Earlier in the day we commented on a story about efforts by Louisiana and Arkansas to lure a German steelmaker in return for $1 billion in corporate welfare and givebacks in easing of pollution control regulations.
The update is that the Louisiana legislature has turned down Gov. Kathleen Blanco's entreaty to set $300 million aside for ThyssenKrupp as part of broader legislation to lift a cap on state spending. She thinks she may still have time to get the additional money before the legislature adjourns Sunday, but she fell 11 votes short Monday and Republican and New Orleans-area opposition is strong.
If our earlier correspondent is correct -- that the subsidies demanded were too high for Alabama's taste -- failure of Blanco to get the money in Louisiana could leave Arkansas in the "lead" for the steel mill. Electric rates likely will be an issue here, however.

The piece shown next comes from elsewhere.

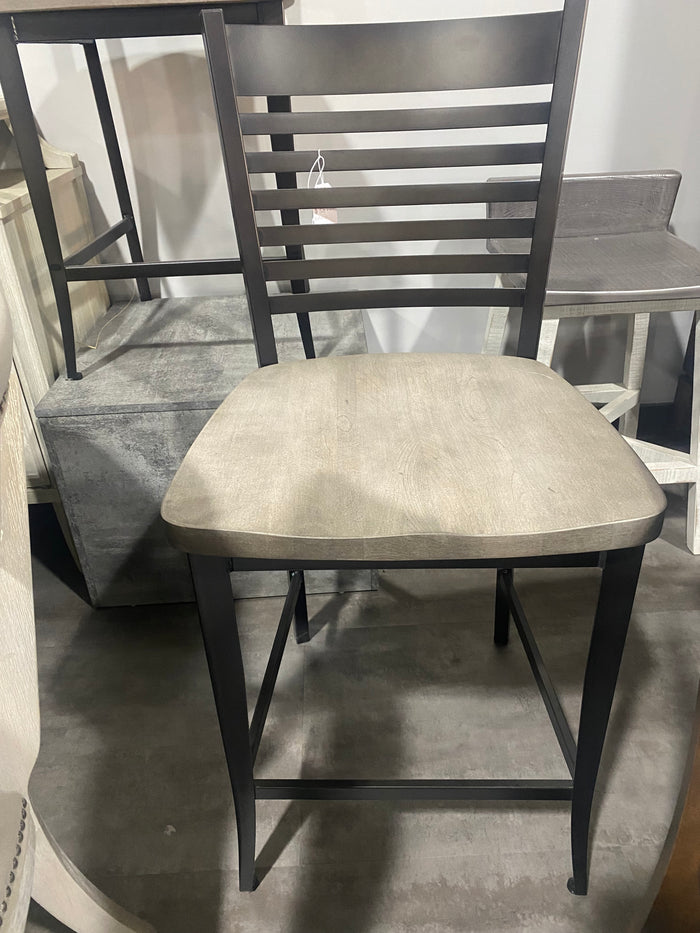 Edwin counter Stools Floor sample Clearance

Understand. The state must play the incentives game because all of them do. But there's a point at which the cost might be too high. Is $333,000 per job a good deal for a plant with unknown environmental costs? It's a lot, that's for sure. If each job pays $60,000 per year and you figure that the average taxpayer pays about 10 percent of his gross income in state and local taxes, it would take better than 15 years before tax revenue, including local taxes, recouped the base outlay by the state. Sure there are multipliers as the money moves through the economy, but there are also new infrastructure costs required by such a facility and the people who work there -- streets, police, fire, sewer, water, schools, etc. I'm not making the case either way, merely saying that every business must weigh costs of a project against potential return. The state should be no different.